After repairing the shed door, setting a mouse trap, sharpening the pruning shears, rearranging paint cans, and washing the dog, I finally pulled out the rake, ground sheet and other miscellaneous tools and set to work.


A quick glance over my shoulder told me that the sun had somehow managed to get from the east to the west without ever once warning me the day was slipping away.  Stupid sun!  Of course, that realization made me also realize I had missed lunch.


Well, no time like the present to tuck into a good sandwich.

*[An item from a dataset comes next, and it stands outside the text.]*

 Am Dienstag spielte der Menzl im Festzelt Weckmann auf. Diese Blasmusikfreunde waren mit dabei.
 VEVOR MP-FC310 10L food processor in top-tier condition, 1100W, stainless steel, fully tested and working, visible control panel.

An hour later, after loading the dishwasher, putting in a load of laundry, and gobbling a banana while remembering I had failed to get sandwich fixin's the last time I was at the store, I was back outside to “get this bitch knocked out!”  I attacked the job of raking out the azalea beds (a loose euphemism for scads of azaleas gone wild)  with gusto.  


Later that “gusto” would become desperation punctuated with bursts of maniacal laughter, but for now I still had some positive enthusiasm.

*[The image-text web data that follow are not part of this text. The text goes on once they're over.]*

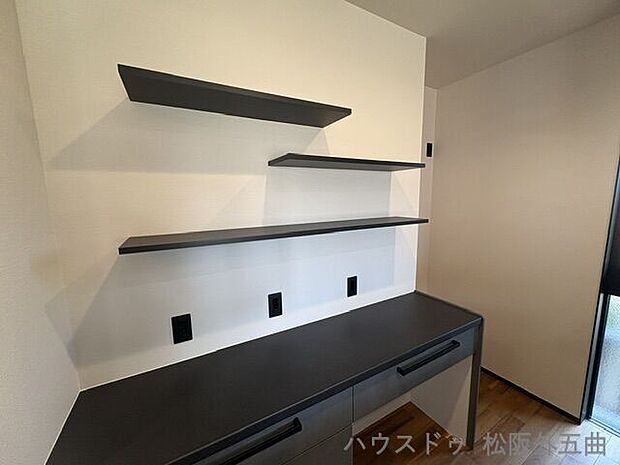 モダンな収納棚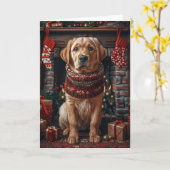 クリスマスプレゼントを抱えたラブラドール犬と暖炉 カード (黄色い花)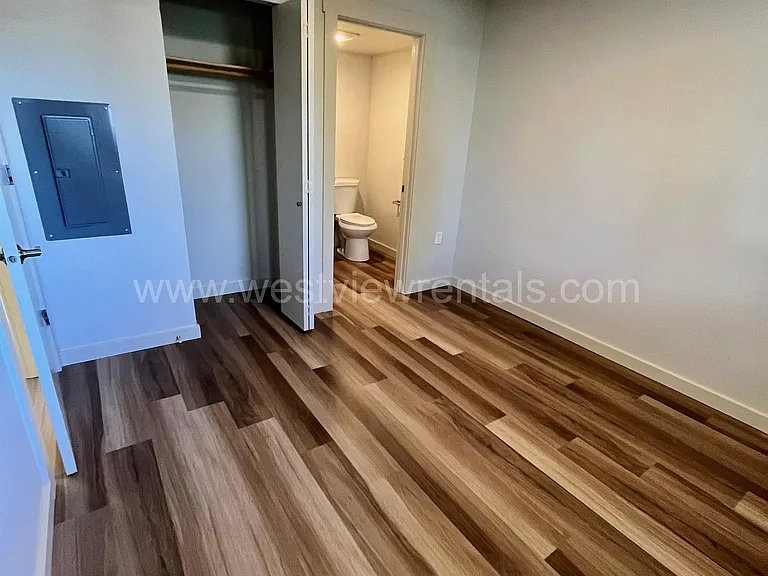 135-139 Prince Ave — Photo 314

One thing I failed to take into account before embarking on this ridiculous yard work project, was that I had never actually done it before; at least not in the last ten years or so.  The “build-up” of leaves was so deep, it would have taken a track hoe half a day to dig down to the bottom.  

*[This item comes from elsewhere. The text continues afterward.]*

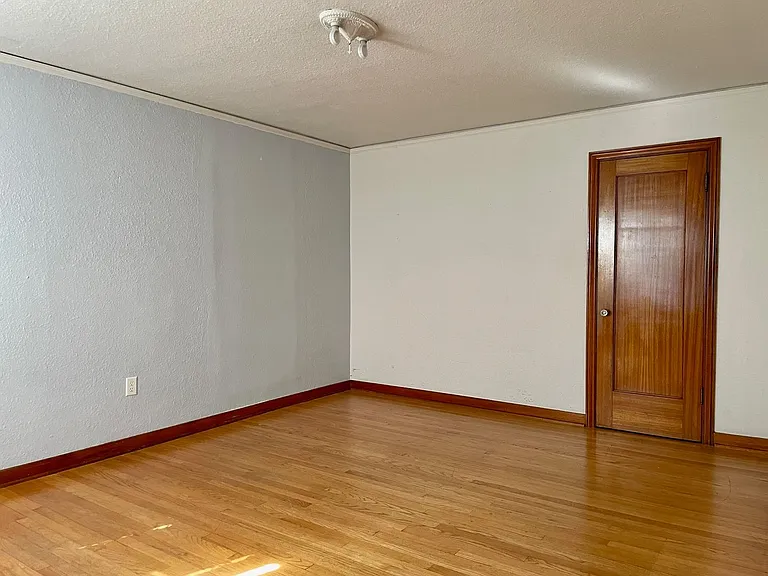 4235 Brooklyn Ave NE #202 — Photo 10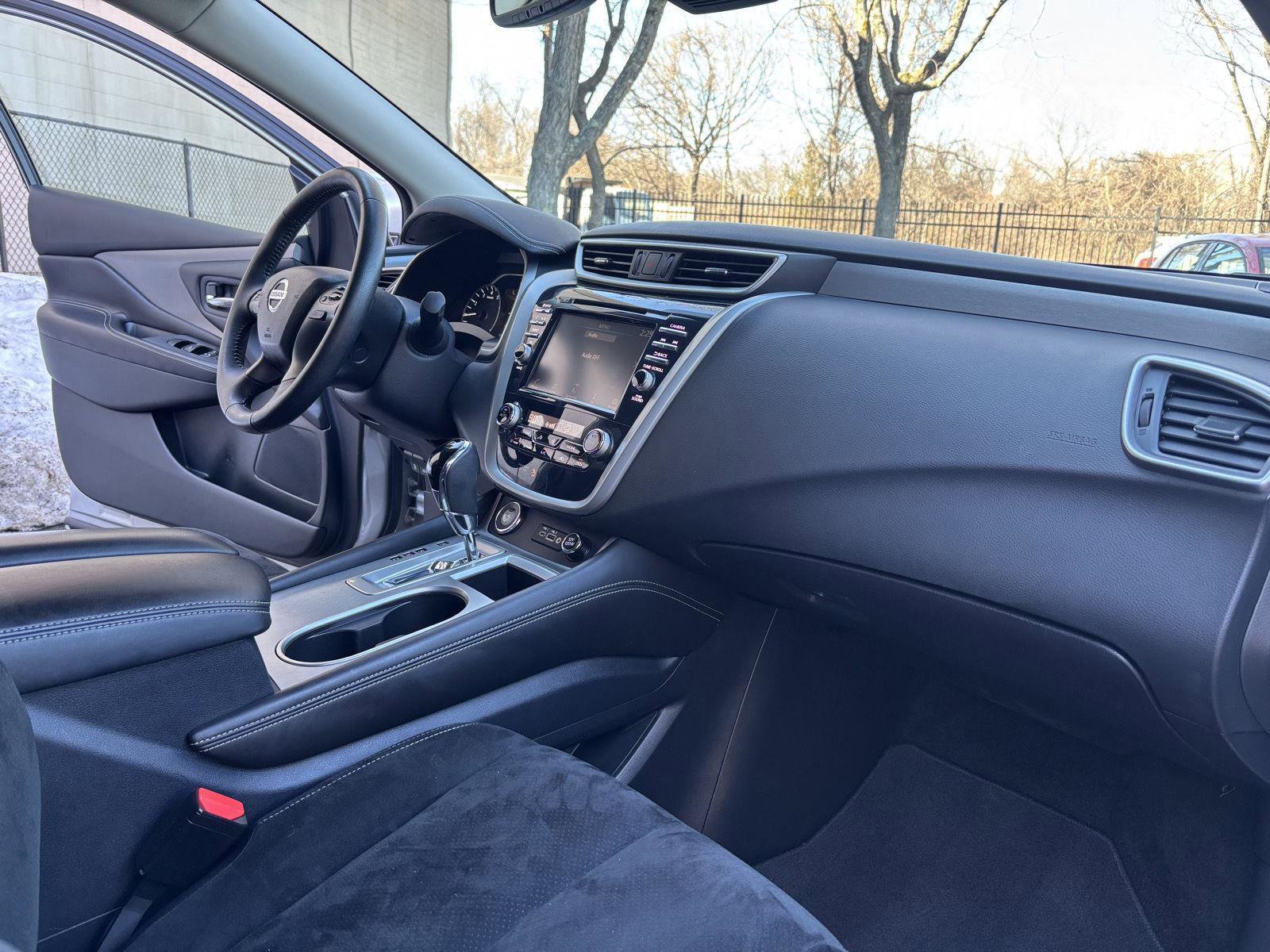 Used 2020 Nissan Murano SV AWD/4WD image 10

By the time I had excavated down to the level of the early Pleistocene epoch, the sun was low in the sky and all I had managed to do was create several piles of moldering leaves large enough to be spotted from the ISS.


Obviously the neighbors must have been using my azalea beds to dump their own leaves.  They must have carted loads of them in bag by bag over the years at night while I slept.  Funny I had never caught the scoundrels doing this heinous deed, but clearly there had been mischief afoot.


Now I had raked them all back out in a slightly scaled down version of the Himalayas sculpted from organic material.  It was going to take more than a little while to rake all these mountainous piles onto a ground sheet and cart them across the back-forty to dump them in the woods.  A task I didn’t relish doing another day, but light was fading almost as quickly as my will to continue.


For one brief, mad moment, I considered bringing out lights and working into the darkness.  If I could just make a hard push, and get it done…….. but pain, hunger, depression, and thirst drove me indoors for the night.


The next day, Sunday, dawned even brighter and more glorious than the day before.  Of course that was merely Mother Earth's way of mocking me, because she knew I had an assload of work to do and wouldn’t actually be able to enjoy such a gorgeous day.


Determined not to let incomplete task “W” side track me, I gulped a quick cup of coffee, downed a banana (while making a mental note to PLEASE remember to get some damn sandwich fixin’s soon) and headed out the door with substantially less good will than the day before.


To make a longer story long, I spent the entire day spreading the ground sheet, raking moldy leaves onto it, half-carrying-half-dragging load upon load (each load the approximate size of an adolescent elephant) across the yard and dumping it in a spot near the edge of the woods.  During that entire time, my dog Tinker spent her day alternating between galloping through the piles of leaves, lying in the sun / shade, or romping about.  The whole time she kept eyeing me with that “stupid human” look and telepathically suggesting we give up this madness and head to the park instead.


I had reached an out of body state by that time and could not be dissuaded.


By the end of day, with all the repetition (the mind numbing, back breaking repetition) of raking, cussing, grabbing, dragging, cussing, dumping, raking, dragging, cussing, etc…, I had gotten pretty efficient at moving the mountainous piles.  Such was my efficiency that before the sun had crashed on the second day, I had transported everything overland and had created one humongous pile of leaves. A mound of organic material substantial enough to eventually become a new feature on Google Earth.


Even though I had totally wasted one of Mother Nature’s best weekends on record, I had to admit that with all the fun stuff I could have been doing instead of cleaning out the azalea beds, nothing would have been nearly as satisfying.  At least that’s the lie I will keep telling myself in the hopes that one day I might believe it.